* DATA SECTION *
────────────────

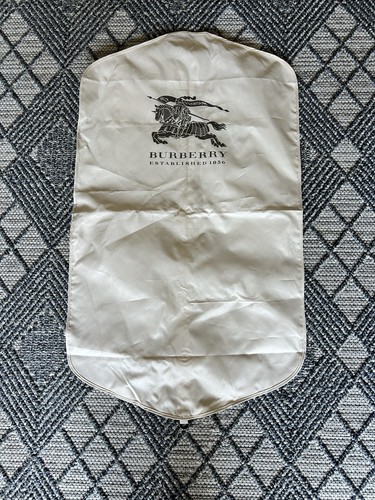 Burberry cappotto protezione - burberry,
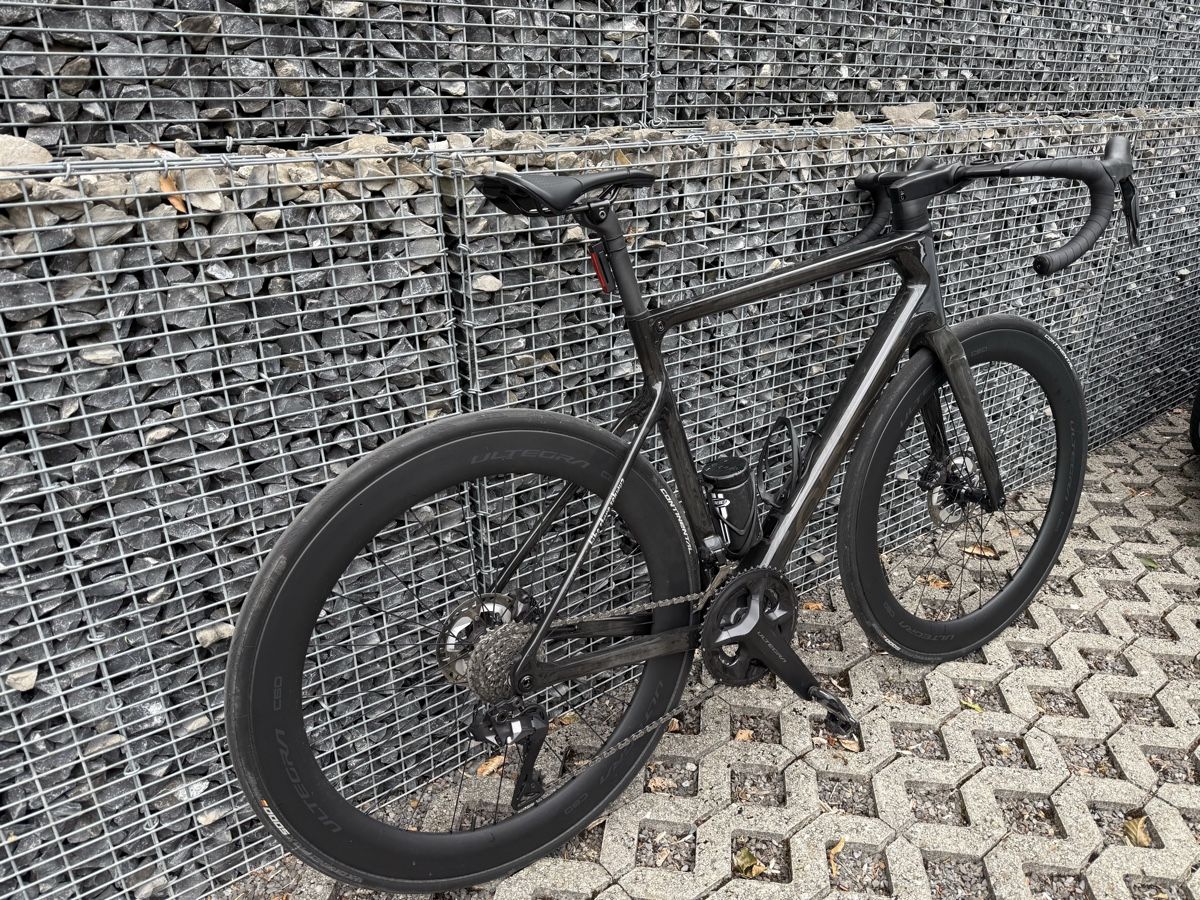 Orbea Biciclette: Rennrad Orbea Orca M20 I Team – Usato da Oberarth venduto da lar_5b6q 4
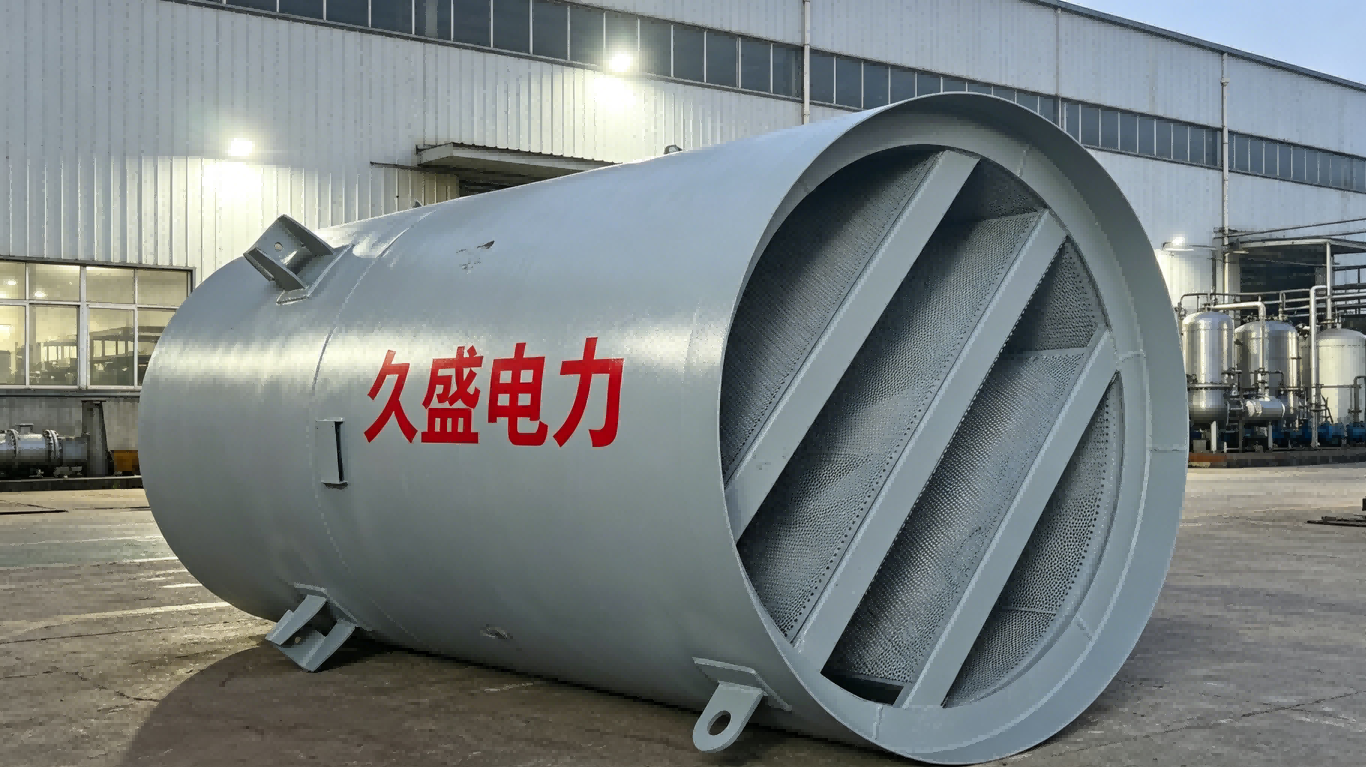 呼伦贝尔锅炉消声器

────────────────

* ABOUT THIS EXERCISE *
Apart from the pictures, all of the data must be duplicated exactly as shown above.

* TASK ANSWER *
 Burberry cappotto protezione - burberry,
 Orbea Biciclette: Rennrad Orbea Orca M20 I Team – Usato da Oberarth venduto da lar_5b6q 4
 呼伦贝尔锅炉消声器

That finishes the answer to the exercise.